Leaving a foreign airport always reminds me of the movie “The Great Escape.” You’ve been trapped with a bunch of (fellow) foreign tourists for several hours in check-in lines, on the plane, at passport control, and at baggage claim. On the commuter train, you recognize some people from the airport and you hear others speaking English, but the percentage of tourists has thinned out (kind of like the scene in the movie where a number of separate escapees are trying to get away on the same train). You know that quickly after you arrive downtown, you’ll be blending into the local populace. Well, not exactly blending in – you stick out like a red, white and blue thumb – but you find yourself suddenly surrounded by Germans, or French, or Germans and Turks, or French, North Africans, people from the middle east – not Americans is the point. (Or if you’re traveling on the continent, not Americans, Brits and Aussies.)
Well, that never happens in Amsterdam. You’re in a crowd of English-speaking tourists at the airport. On the train. On the streetcar to your hotel. Everywhere you go – crowds of Americans, Brits and Aussies.
You all know Amsterdam: jawdropping 17th-century charm, the canals – and a motley world-beat of unwashed 20somethings swirling around you like flies.
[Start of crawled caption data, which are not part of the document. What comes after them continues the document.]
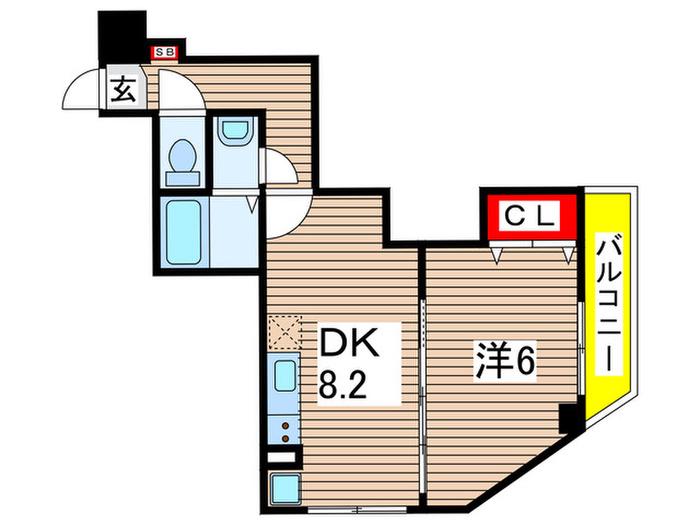 金太郎ヒルズ155(1DK/5階)の間取り写真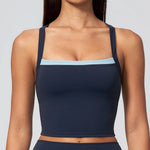NCLAGEN Women's Yoga Tank Top Fake Two Piece Color Block Crisscross Back Vest Naked Feel Outdoor Sports Fitness Running Blouse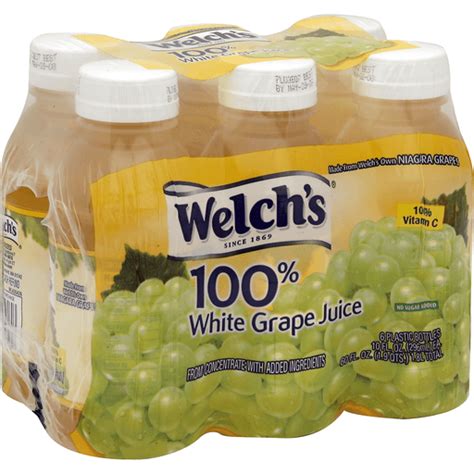 Welchs 100 White Grape Juice 6 10 Fl Oz Plastic Bottles Grape
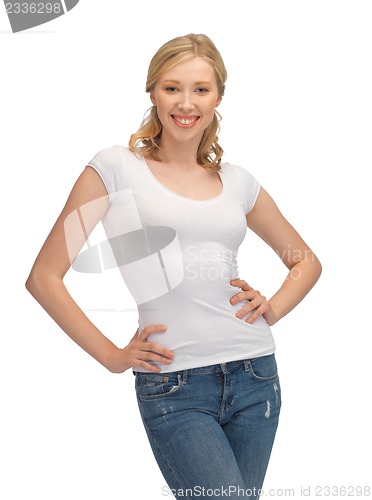 Image of woman in blank white t-shirt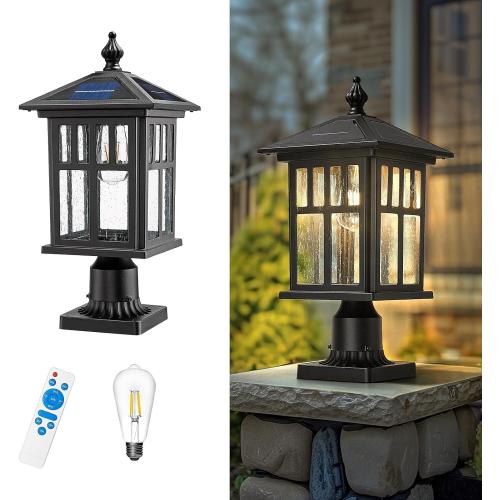 zeyu 19 Inch Solar Post Light with Pier Mount, Modern Large Solar Lamp Post Light for Patio with Remote Control, Die-Cast Aluminum with Seeded Glass Shade, Black Finish, ZX107P-SL BK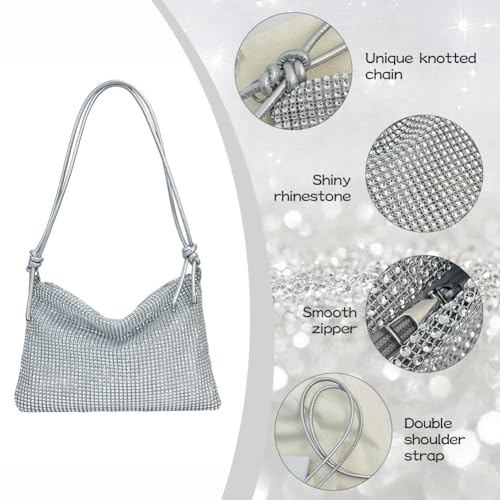 Vrouwen Elegant Clutch Bling Clutch Elegant Clutch voor Ceremony Bag Rhinestone Wedding Dinner Party met 5 Elastische Bands Zilver, Zilver 3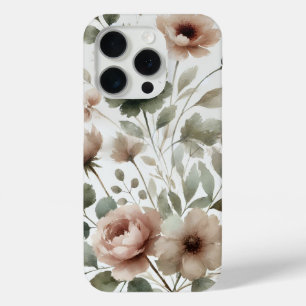 Coque iPhone 15 Pro Olive et rose pâle Aquarelle Florale moderne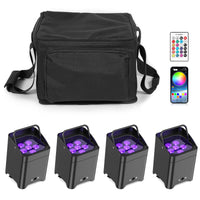 Lot de 4 uplights sans fil noirs avec sac de transport, télécommande et application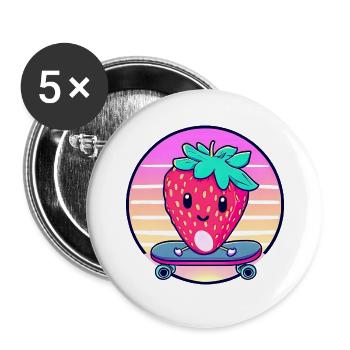 Strawberry skateboard in sunset - Buttons large 2.2''/56 mm (5-pack) - white - Front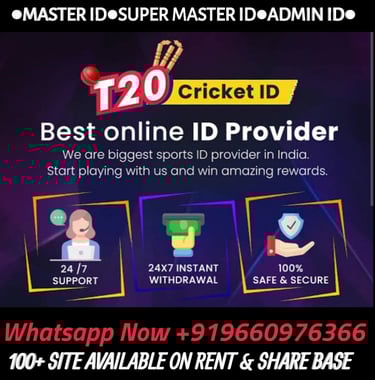 ONLINE CRICKET BETTING ID AVAILABLE DL MDL SMDL MASTER ID SUPER MASTER ID ADMIN ID AVAILABLE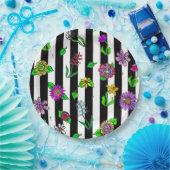 白黒ストライプのフローラ ペーパープレート (パーティー)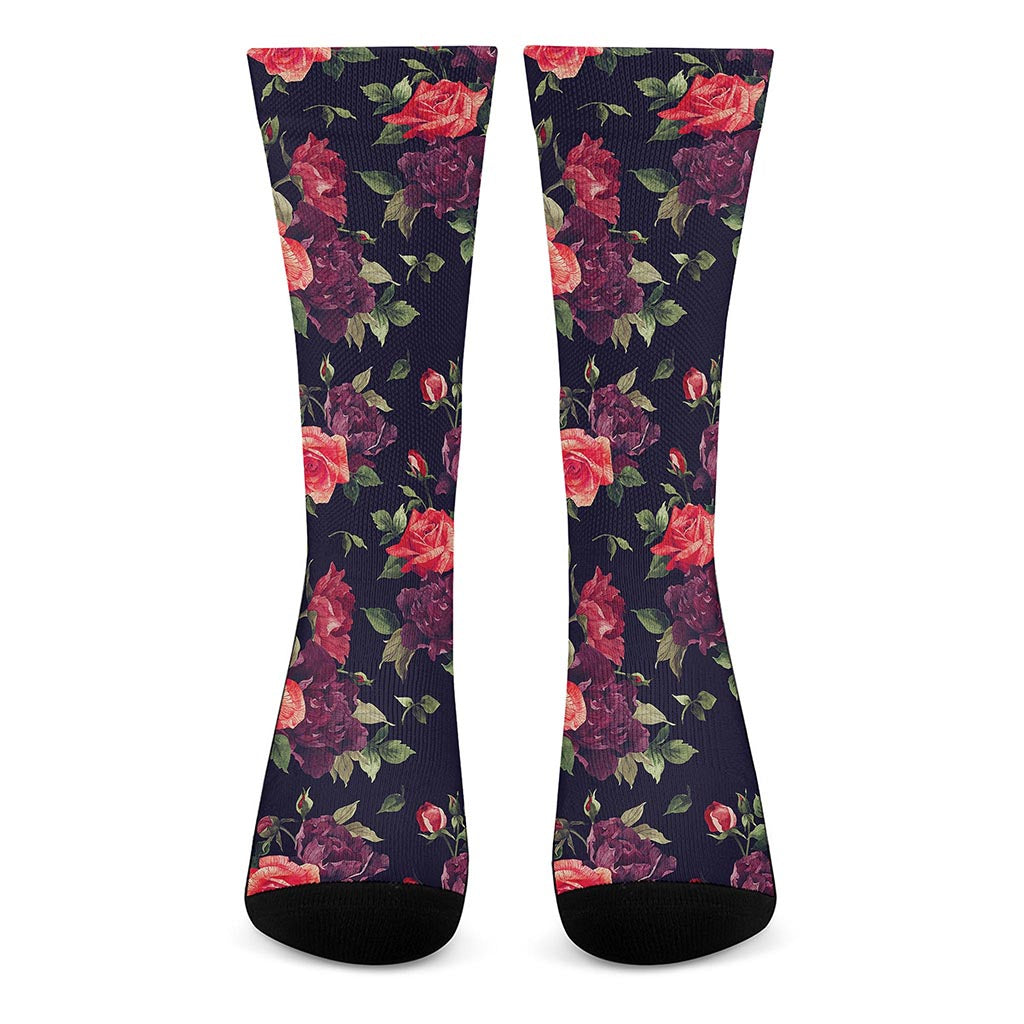 Red Violet Roses Floral Pattern Print Crew Socks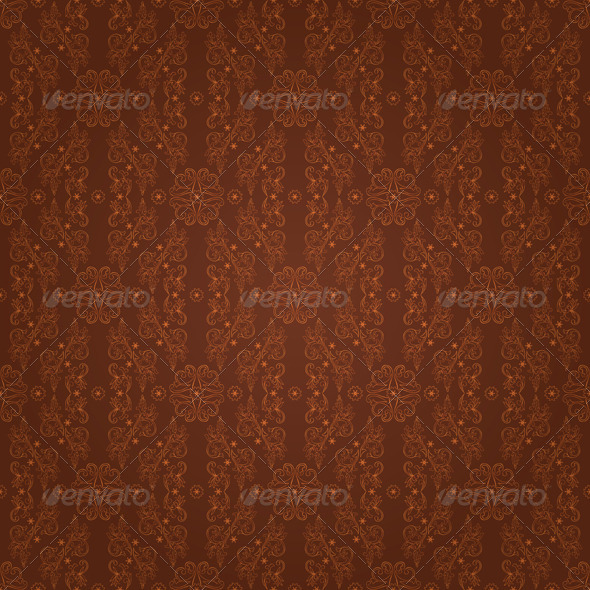 Floral seamless pattern on brown background - Backgrounds Decorative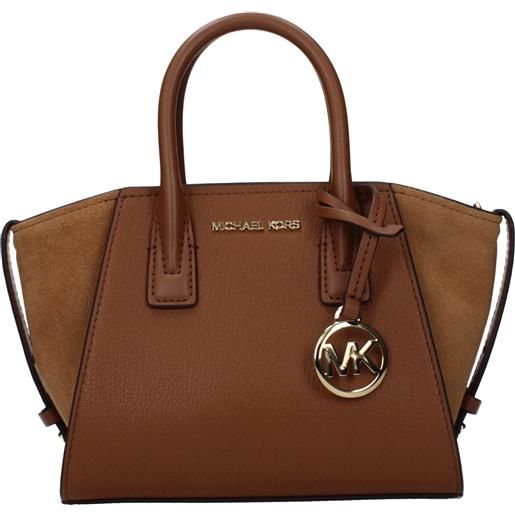 Michael Kors borse a mano avril donna pelle marrone/luggage oro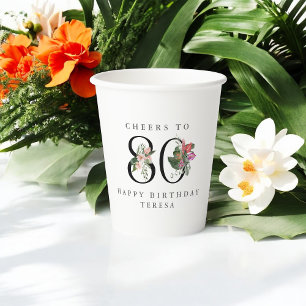 80th Birthday Cheers with Name Tropical Floral Paper Cups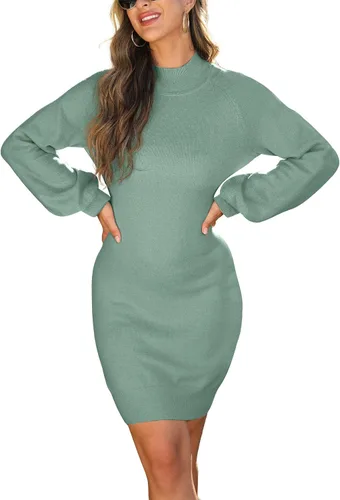 Vista 2 de GRECERELLE Women's Mock Neck Ribbed Long Sleeve Bodycon Pullover Cute Mini Sweater Dress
The problem with Amsterdam is that it’s a port of entry to Europe – meaning that most of the English-speaking tourists there are either beginning their European adventure (in which case they have yet to molt their ugly American or Brit or Aussie ways) – or they’re wrapping up their tour, in which case they’re tired and cranky and want-it-here-and-want-it- now... like me and B. What I wanted was coffee.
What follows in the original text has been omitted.